The enormity of those events and their aftermath really defy description, but I had a particular response that was quite odd. Suddenly, I felt that the grief my family had experienced earlier that year had been way out of proportion to our loss. After all, we knew my father was ill, we knew he had little time left, we had time to say goodbye. Those who lost loved ones on 9/11 did not have that luxury, and they had to comes to terms with a level of hatred that had savaged their entire existence.

Fast forward to July of 2006. The Design Automation Conference was in San Francisco for the first time in many years. I live in the Bay Area, was able to commute from home to DAC on public transportation, and was able to enjoy walking each morning from the Caltrain station at 4th and King to Moscone Center at 3rd and Howard.

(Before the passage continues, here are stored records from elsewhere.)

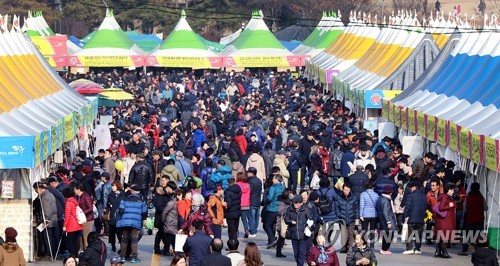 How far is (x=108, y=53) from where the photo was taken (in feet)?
210

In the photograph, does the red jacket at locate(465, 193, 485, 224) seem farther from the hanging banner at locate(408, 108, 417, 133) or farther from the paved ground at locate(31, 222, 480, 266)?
the hanging banner at locate(408, 108, 417, 133)

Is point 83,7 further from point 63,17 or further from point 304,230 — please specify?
point 304,230

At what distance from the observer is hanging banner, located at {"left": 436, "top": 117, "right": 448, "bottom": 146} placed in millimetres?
24016

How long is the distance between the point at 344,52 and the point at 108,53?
603 inches

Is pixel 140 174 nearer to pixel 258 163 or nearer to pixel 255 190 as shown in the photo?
pixel 258 163

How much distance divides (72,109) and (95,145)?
3.99m

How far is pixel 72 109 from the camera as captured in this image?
92.2ft

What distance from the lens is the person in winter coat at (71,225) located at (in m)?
19.6

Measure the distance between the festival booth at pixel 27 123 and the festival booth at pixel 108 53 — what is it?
99.6ft

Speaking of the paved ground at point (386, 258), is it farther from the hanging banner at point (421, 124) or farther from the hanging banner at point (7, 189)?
the hanging banner at point (421, 124)

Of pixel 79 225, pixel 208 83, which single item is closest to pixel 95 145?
pixel 79 225

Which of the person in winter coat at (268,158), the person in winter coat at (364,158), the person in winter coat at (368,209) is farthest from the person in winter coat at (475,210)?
the person in winter coat at (268,158)

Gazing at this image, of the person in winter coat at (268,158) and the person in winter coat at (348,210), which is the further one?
the person in winter coat at (268,158)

On one of the days at DAC, I was moderating a panel on the Pavilion Stage in the Exhibit Hall and arrived in the area during the last few minutes of the previous panel. Jim Hogan was just wrapping up at the podium, as he was the moderator. After he finished and people in the audience began milling around, I stepped up onto the stage to prepare my own materials at the podium. Jim and I exchanged pleasantries and then he happened to look down at my shoes. Now I’m not claiming to be a fashionista, particularly in that hard-bitten world of EDA conferences, but what Jim said at that moment really caught me by surprise.

“Are those your father’s shoes?” he asked, apparently appalled at the beautiful brutalism of my heavy-duty black leather waffle-stompers.

I’m not sure how long it took me to respond, but after a few seconds of shock and awe, I think I said something like, “Uh what? Let me see, Jim, when was the last time you walked from the train station to DAC, ran all around Moscone Center for 7 or 8 hours, and then walked back to the train station … in stilettos?”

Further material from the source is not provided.